### Exercise prompt
Without pictures, repeat the lines of the entries from the one containing "Industrial Motherboard /" through the last, both ends included, and nothing else.

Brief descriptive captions
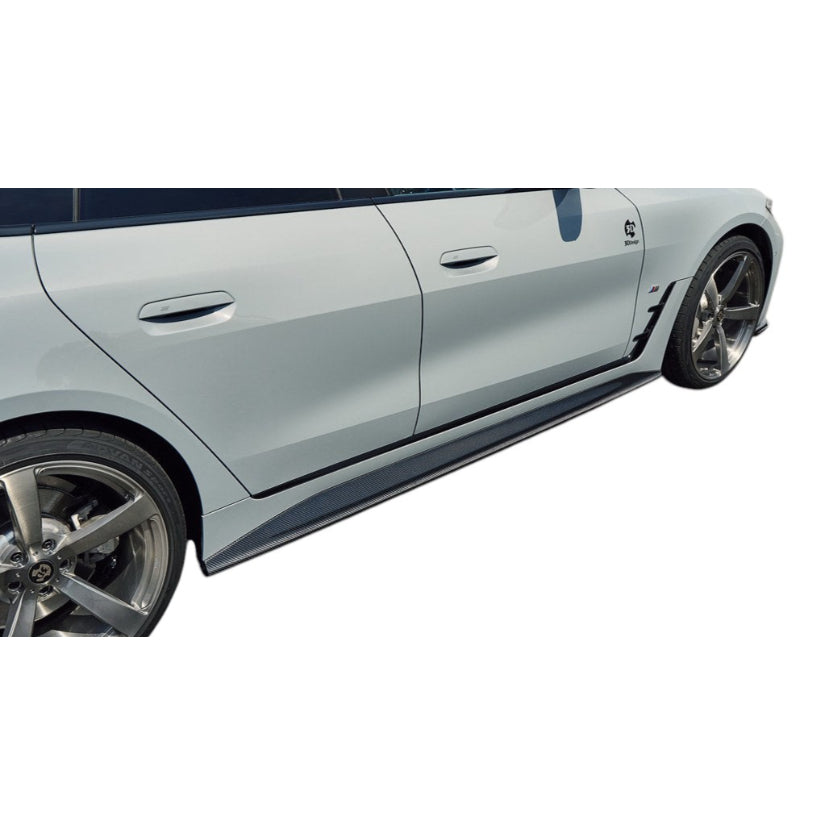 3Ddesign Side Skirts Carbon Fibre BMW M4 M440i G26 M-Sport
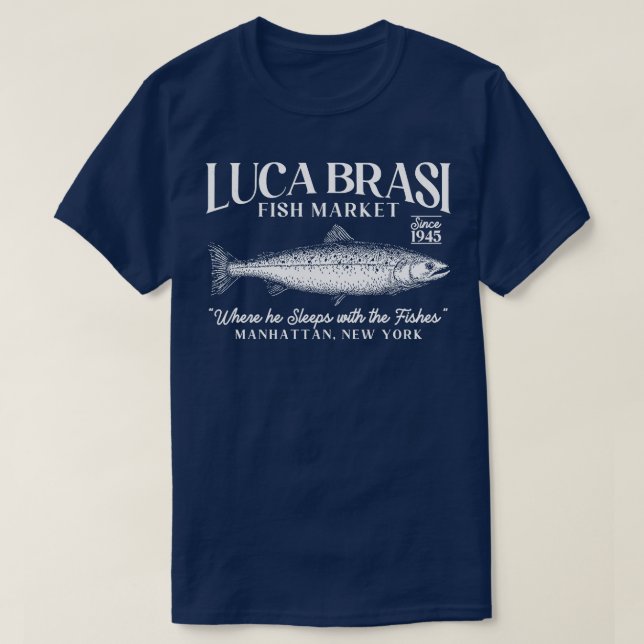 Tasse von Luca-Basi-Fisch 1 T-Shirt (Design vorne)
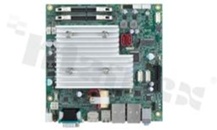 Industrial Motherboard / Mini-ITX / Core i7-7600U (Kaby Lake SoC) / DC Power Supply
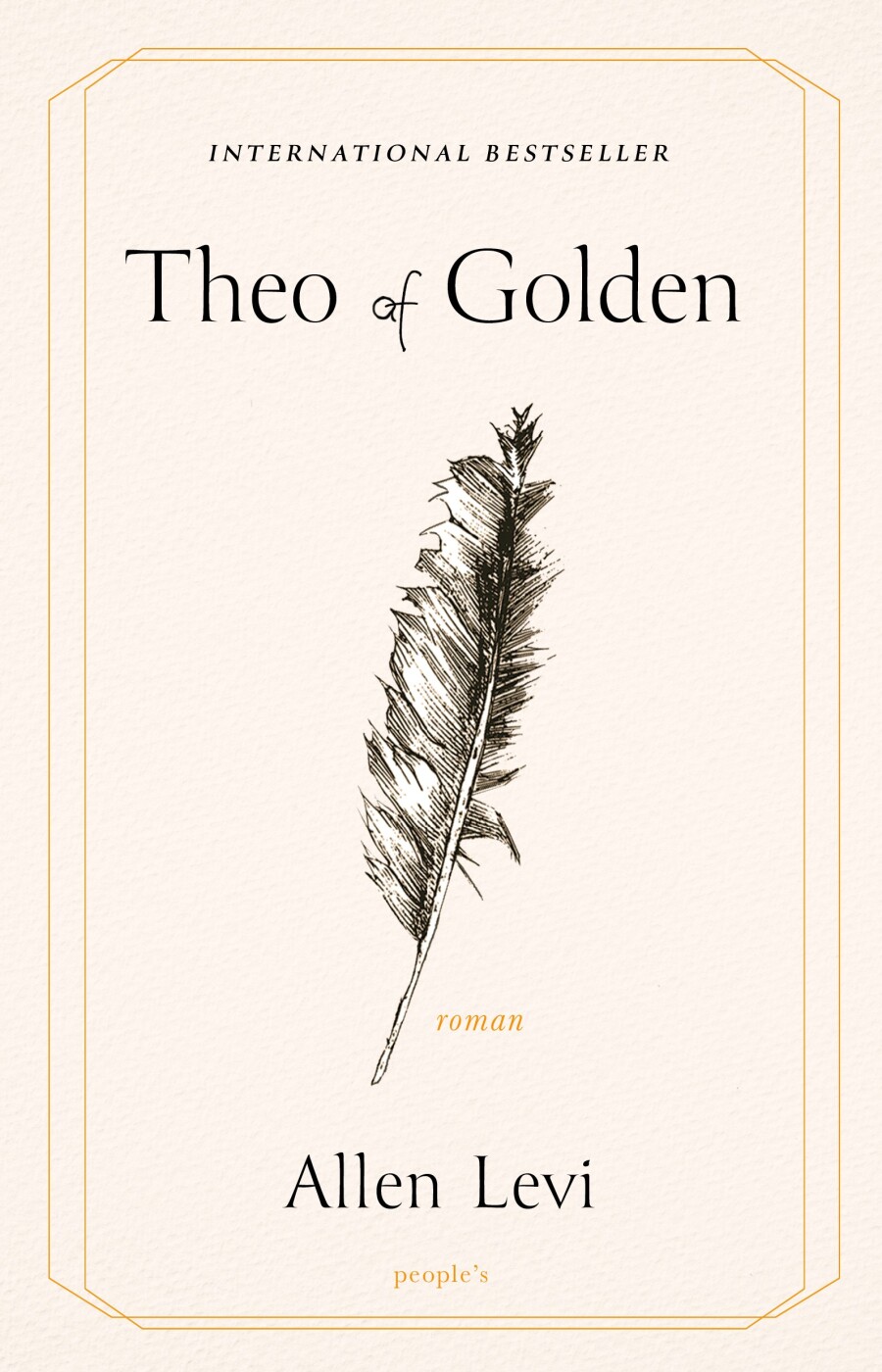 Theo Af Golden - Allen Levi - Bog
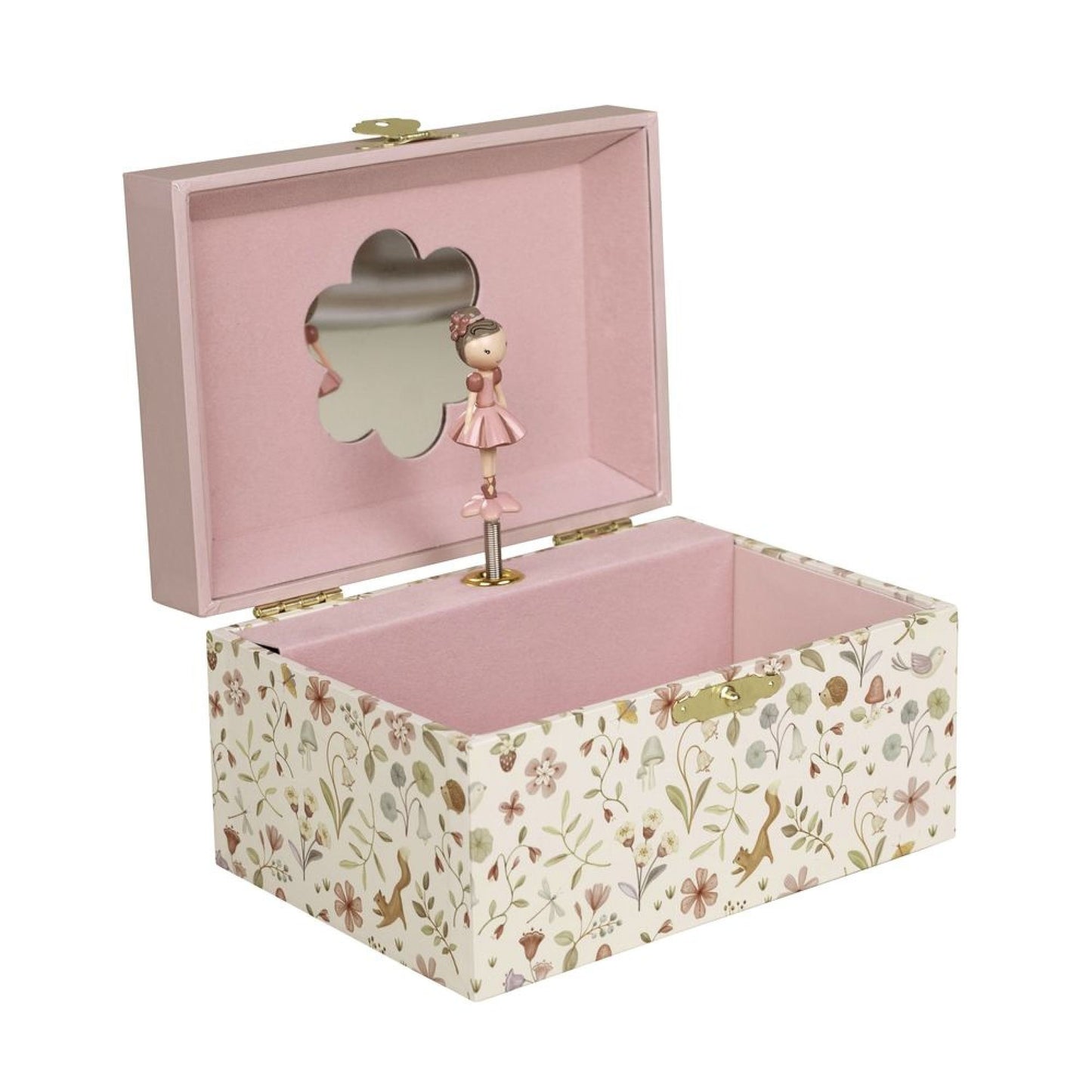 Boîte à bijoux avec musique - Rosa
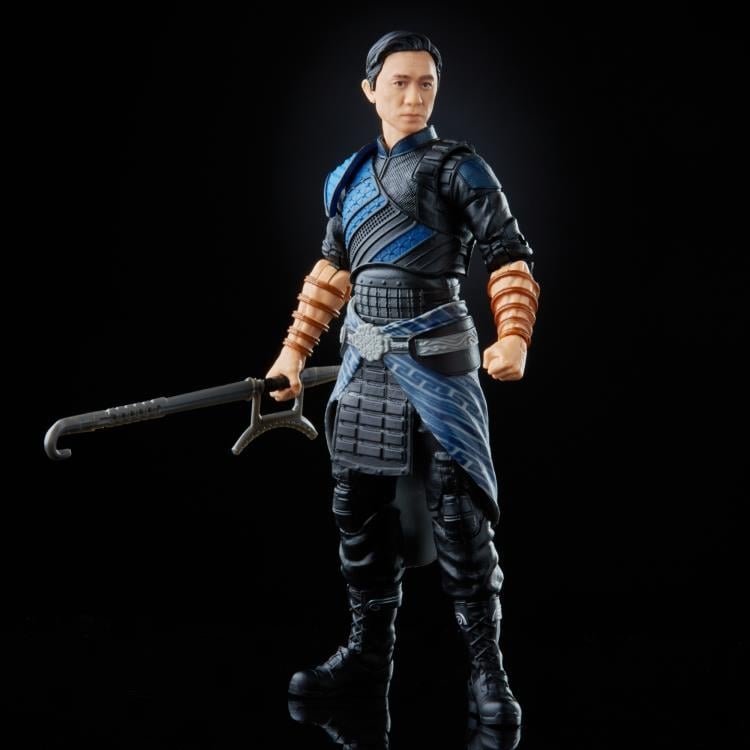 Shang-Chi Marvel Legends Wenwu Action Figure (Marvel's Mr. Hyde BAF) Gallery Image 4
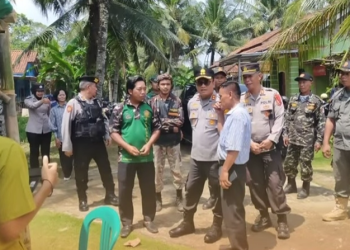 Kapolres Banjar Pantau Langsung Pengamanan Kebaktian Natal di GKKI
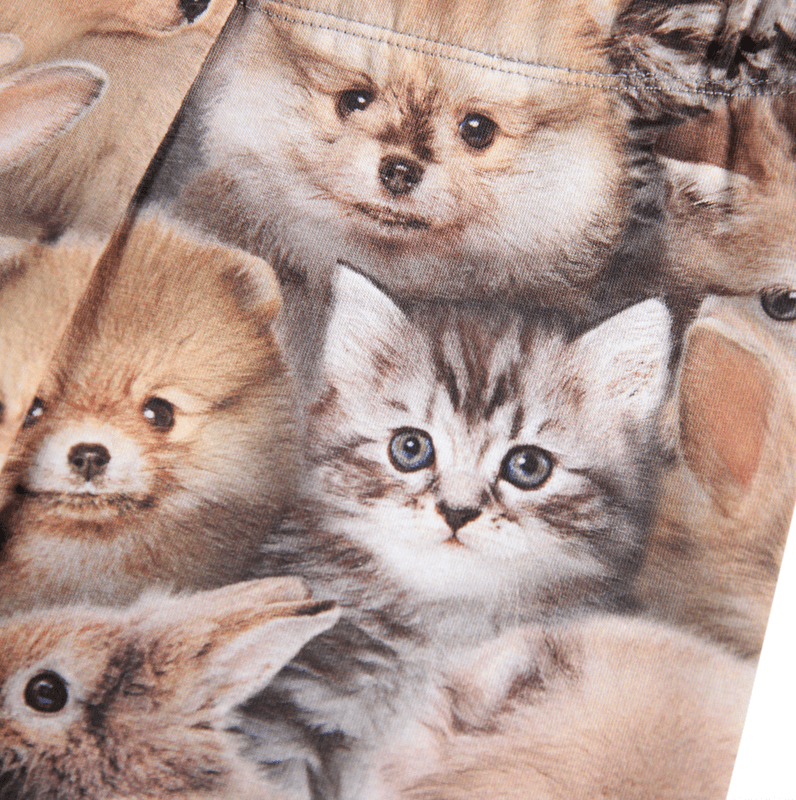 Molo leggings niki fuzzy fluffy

### Reply to the task
 Industrial Motherboard / Mini-ITX / Core i7-7600U (Kaby Lake SoC) / DC Power Supply
 Theo Af Golden - Allen Levi - Bog
 Boîte à bijoux avec musique - Rosa
 Shang-Chi Marvel Legends Wenwu Action Figure (Marvel's Mr. Hyde BAF) Gallery Image 4
 Kapolres Banjar Pantau Langsung Pengamanan Kebaktian Natal di GKKI
 Molo leggings niki fuzzy fluffy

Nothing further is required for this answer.